Mistakes that just so happen to give their company an advantage over the rest aren't mistakes.
I don't think anyone is going to believe Google did this by mistake.
chrome is a perfect example of abusive software that everyone seems to love
For me Chrome just works. So far I did not see anything I would hate about Chrome. It's extremely polished and fast. I don't love it, but it's just good enough for my needs.
Google has gone rouge for a very long time... Avoid Google if you can.
I know everyone joked a few years ago when they removed "don't be evil" as their tagline and from their employees CoC, but it really does make me wonder.
Remember a few years ago, Microsoft was running its failing Scroogle campaign and I (under a different nick) and others were defending Google.

Fast forward to today and Google has managed to do to itself all that the Scroogle campaign could realistically have hoped to achieve and then some:

- techies like me go out of our way to avoid them. I just spoke to a friend of mine during lunch and told him to think twice before using Gmail as a single misplaced comment on the Internet can get you locked out with no recourse except hoping for friends on social media if you are so lucky.

- People are still making Chrome-applications just like they made IE6 applications but we are turning the tide now it seems and I see a growing trend that loathes the Chrome-only trend.

- Regulators are circling in the air above.

- etc.

I hear you and I follow the same pattern of avoidance. Google and everything they stand for is old news. Break 'em up!
People loved Chrome when it was released.

https://news.ycombinator.com/item?id=292980

Slowly after they gained monopoly and became sure that they are going to exist in browser-space , they now don't care about these tracking bits present in the browser.

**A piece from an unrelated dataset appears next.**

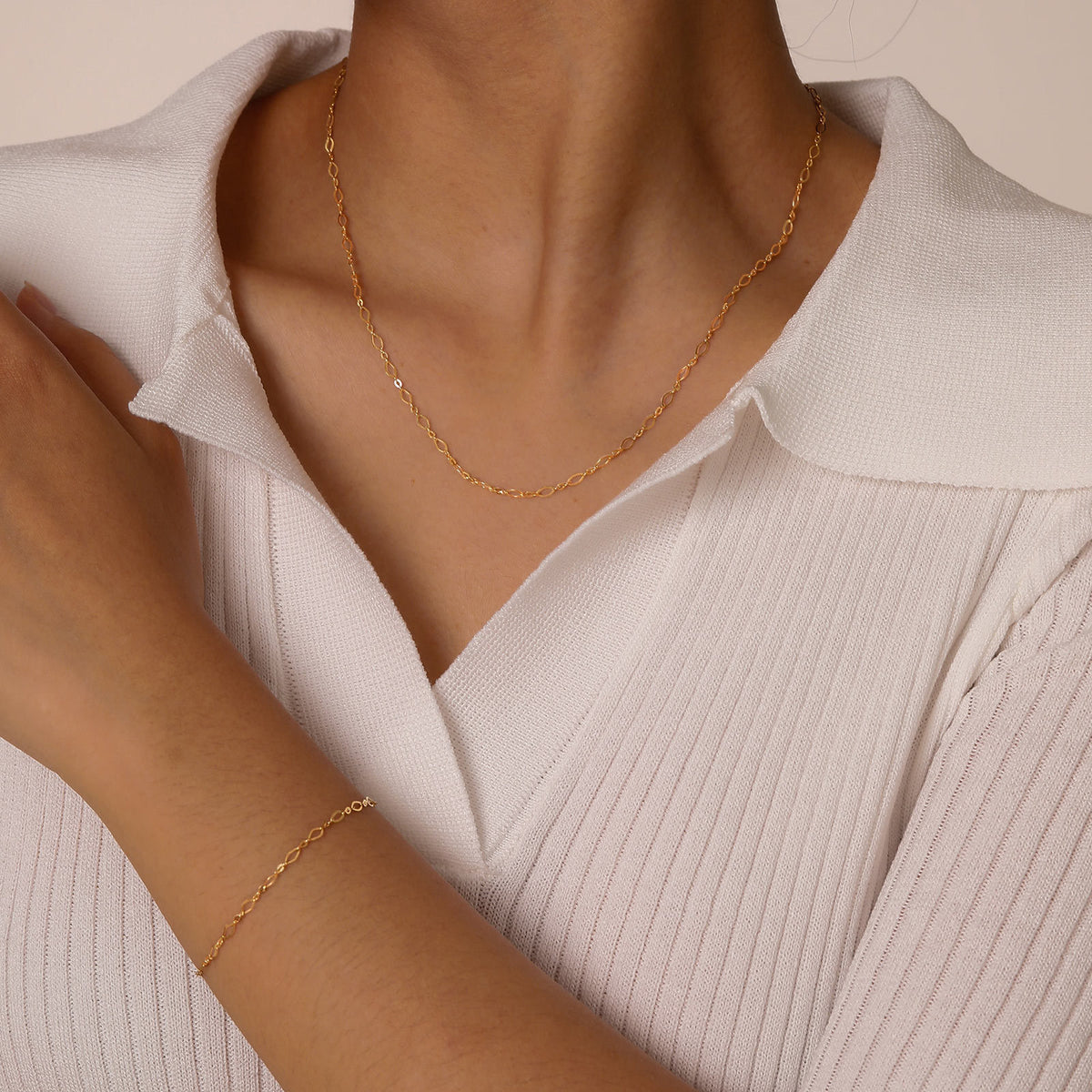 Rhombus Handmade Chain Gold Stainless Steel Bracelet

MS Edge doesn't have this feature. Just tested it on my machine. It clears all forms of storage even from MS's own domains tied to the browser like msedge.microsoft.com, msn etc.
The best way to think of Chrome these days is that it is a Google web browser, as in, it preferences products and services made by Google.

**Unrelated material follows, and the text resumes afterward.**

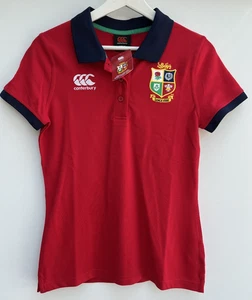 British Lions Rugby Polo Shirt Canterbury Red Short Sleeve Womens 10 Small S - Picture 1 of 10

Edge is similar in some ways, but modern Chrome is not a web browser per se but a web browser clearly built by Google with Google’s corporate interests at heart.

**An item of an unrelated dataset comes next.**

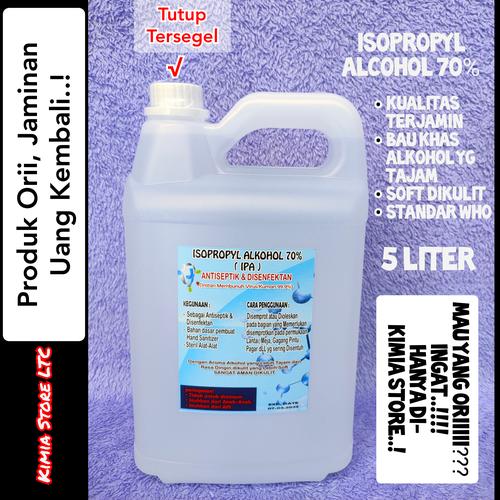 Foto Produk Alkohol Isopropyl kemasan 5 Liter 99% & 70% - Iso 70 dari Kimia Store..!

The disconnect for many - including myself - is that we remember the first few years of Chrome. How revolutionary it was and how it provided a beautiful path off ‘the terror’ that was Internet Explorer. Modern Chrome is not the same browser, philosophically. Modern Chrome is a Google web browser and integrates the best - and increasingly by default - with Google’s many products and services.

> The disconnect for many - including myself - is that we remember the first few years of Chrome. How revolutionary it was and how it provided a beautiful path off ‘the terror’ that was Internet Explorer.

Funny how history can be subjective. I remember Firefox in this exact role, several years earlier prior to Chrome, which is why I've never received Chrome as some kind of saviour, only as additional competition.

Totally agree re: Firefox also playing that role a decade or so ahead of Chrome, then losing it somewhat during Chrome's ascendancy: perceptions of bloat, slower dev releases, RAM hog on some PCs, no per-tab process isolation, etc
Software like chrome and iOS aren't built for people to use. They're built to insert commercial software into people's lives. Access to information or the ability to communicate with friends is given because it would be difficult to get people to accept it otherwise.
> Software like chrome and iOS aren't built for people to use. They're built to insert commercial software into people's lives.

iOS is designed to sell hardware, unlike Google's products.

That's why I'm getting Apple Music promotions when trying to listen to my locally saved music in Music app? Apple is not as annoying as other vendors, that's for sure, but they're not innocent and they certainly trying to sell some services as well.
For some reason Google's Captchas work much better on Chrome than on Firefox. I thought there was some sort of dedicated tracking built into Chrome. It turned out to be far simpler. They just give google sites special treatment.